Praktisch sieht das so aus: Wir haben im Dezember eine Crowdfunding-Plattform gestartet, wo wir interessierten Bürgern und freien Journalisten die Möglichkeit geben wollen, Geld zu generieren, um selbst Geschichten auszuarbeiten und zu veröffentlichen. Das ist klassisches Crowdfunding, wobei wir den Menschen versprechen, sie nicht nur beim Crowdfunding, sondern auch später beim Rechercheprozess zu begleiten. Der Reporter, der über Crowdfunding seine Geschichte ausarbeitet, bekommt einen CORRECT!V-Reporter zur Seite gestellt, mit dem er alles besprechen kann. Wenn jemand noch nie eine Auskunft nach dem Informationsfreiheitsgesetz eingeholt hat, kann er das bei uns lernen. Wir wollen Leute vor Ort ausbilden. Seit Monaten reisen wir durch ganz Deutschland und geben Workshops zum Informations- und Freiheitsgesetz. Die Themenpalette soll erweitert werden. Wir machen das meistens in Kooperationen mit Redaktionen in den Räumen, wo sich das anbietet. Und das bauen wir jetzt aus, indem wir das Bildungsangebot jetzt auch online aufbauen. Es wird einen Online-Tutorial-Bereich geben, in dem unsere Reporter Video-Schulungen geben.

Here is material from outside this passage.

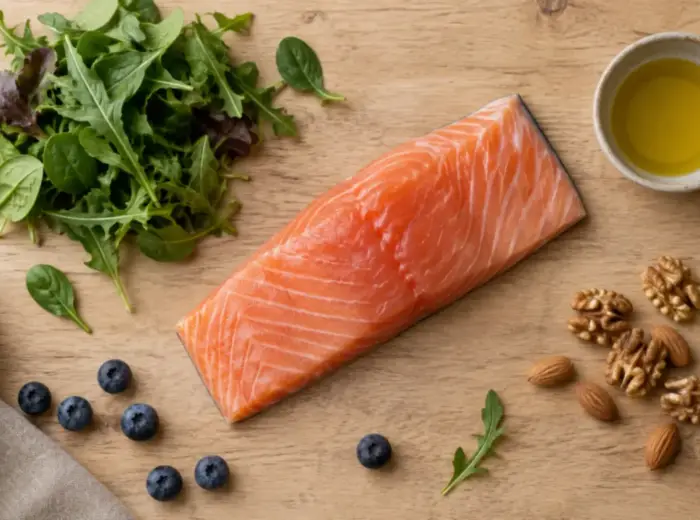 Vue de dessus d'un filet de saumon cru, de jeunes pousses vertes, de noix, d'amandes, de myrtilles et d'un bol d'huile d'olive sur un plan de travail en bois clair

Und der letzte Punkt, an dem das ganz konkret wird, ist eine virtuelle Redaktion, die wir entwickeln. Das haben wir früh angekündigt und gehen das jetzt seit einigen Wochen konkret an. Das ist eine Vision, die bei CORRECT!V von Anfang mitschwang, wir möchten Raum schaffen für Recherchen, die von Anfang an offen stattfinden. Das geht nicht bei investigativen Recherchen, aber in vielen Fällen geht es. Beginnen möchten wir mit den Sparkassen, wir denken, da gibt es strukturelle Missstände, die immer mal wieder auftauchen. Auch wenn die Sparkassen im Bankensystem ein gutes Modell sind, denken wir, dass man viele Sachen verbessern könnte. Wir können uns nicht alle 417 Sparkassen allein anschauen. Dann könnten wir nur oberflächlich berichten. Besser ist es, wenn wir andere Menschen ausbilden, ihnen zeigen, was bei den Sparkassen grundsätzlich interessant sein könnte. Gibt es bei deiner Sparkasse auch jemanden, der eine Luxusrente kassieren möchte? Wir geben den Leuten Recherchefragen an die Hand, überprüfen das und sammeln die Ergebnisse in einem internen Community-Bereich und werden mit der Zeit mit der Community zusammen erste Geschichten veröffentlichen.